▶ AIM OF THE EXERCISE
Set the data below down again, exactly, with every picture left out.

▶ INPUT DATA
——————

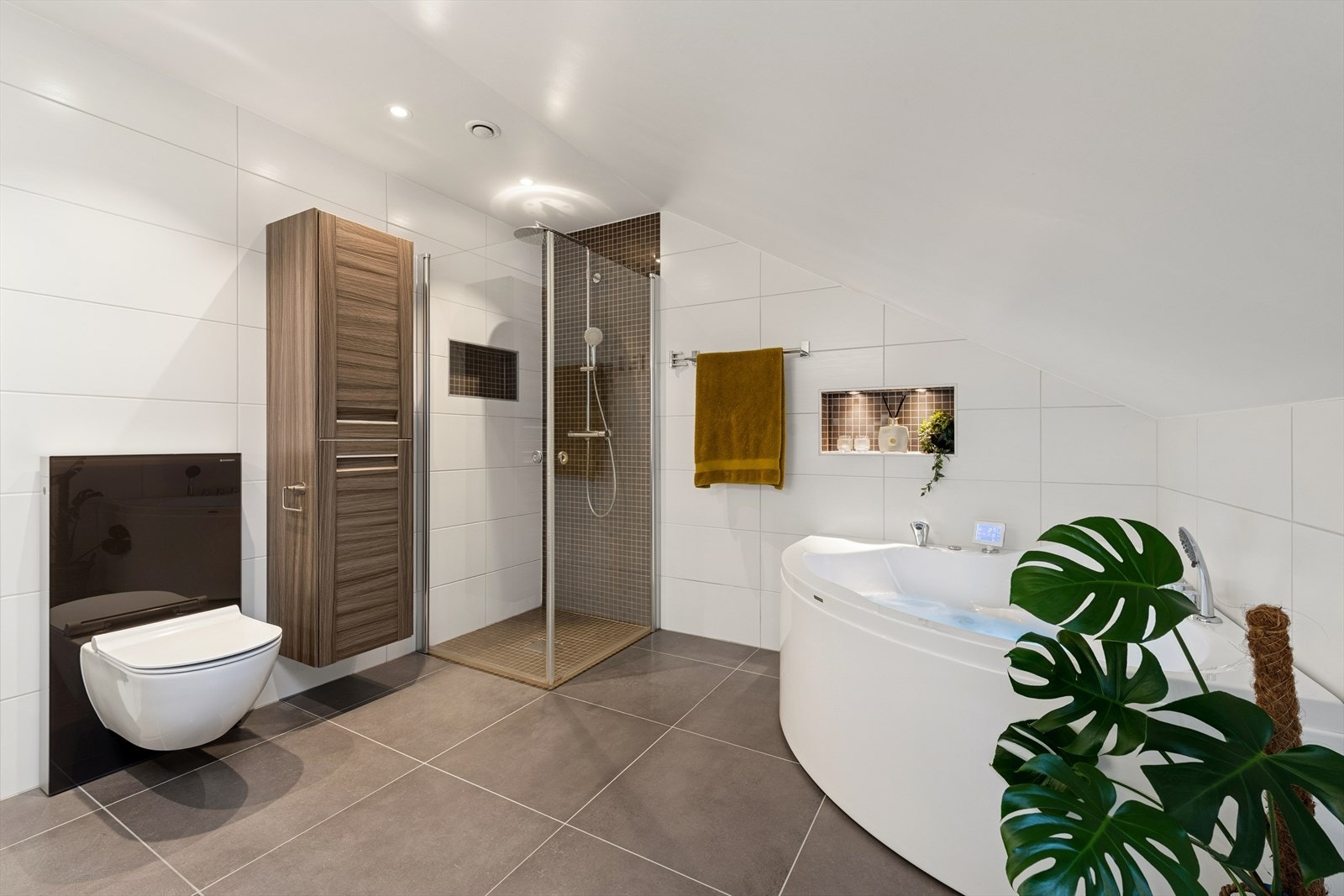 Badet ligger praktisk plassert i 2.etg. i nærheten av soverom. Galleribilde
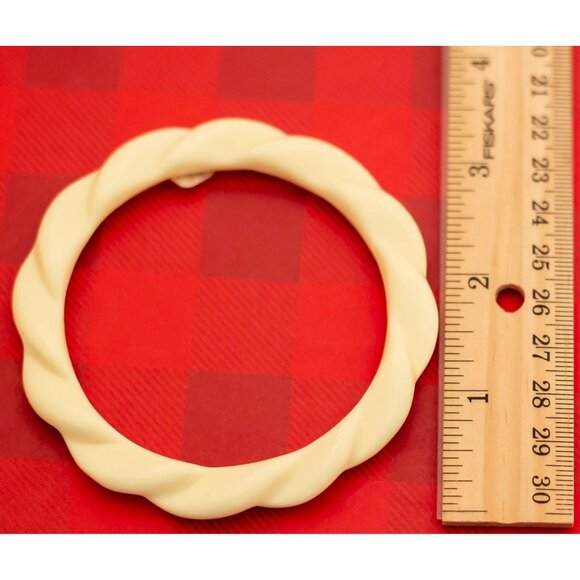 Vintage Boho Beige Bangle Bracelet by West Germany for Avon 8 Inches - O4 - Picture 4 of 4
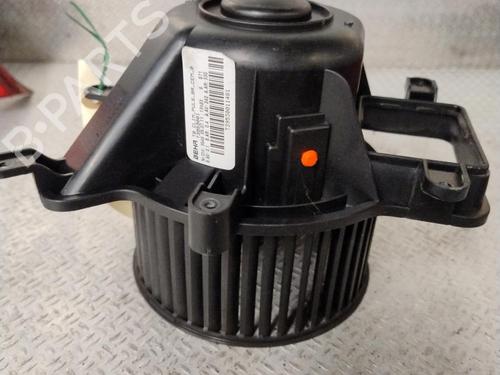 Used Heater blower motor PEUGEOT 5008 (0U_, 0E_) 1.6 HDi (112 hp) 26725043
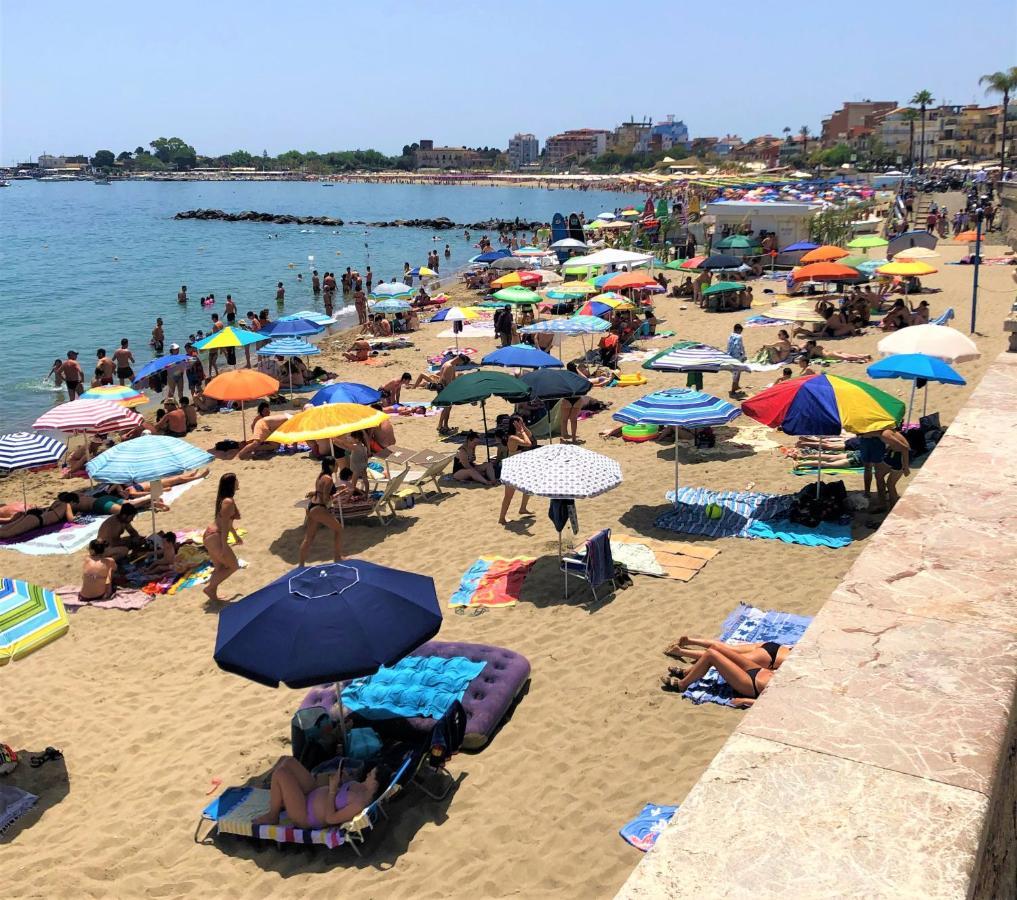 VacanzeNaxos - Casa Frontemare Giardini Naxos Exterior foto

——————

▶ TASK SOLUTION
 Badet ligger praktisk plassert i 2.etg. i nærheten av soverom. Galleribilde
 Vintage Boho Beige Bangle Bracelet by West Germany for Avon 8 Inches - O4 - Picture 4 of 4
 Used Heater blower motor PEUGEOT 5008 (0U_, 0E_) 1.6 HDi (112 hp) 26725043
 VacanzeNaxos - Casa Frontemare Giardini Naxos Exterior foto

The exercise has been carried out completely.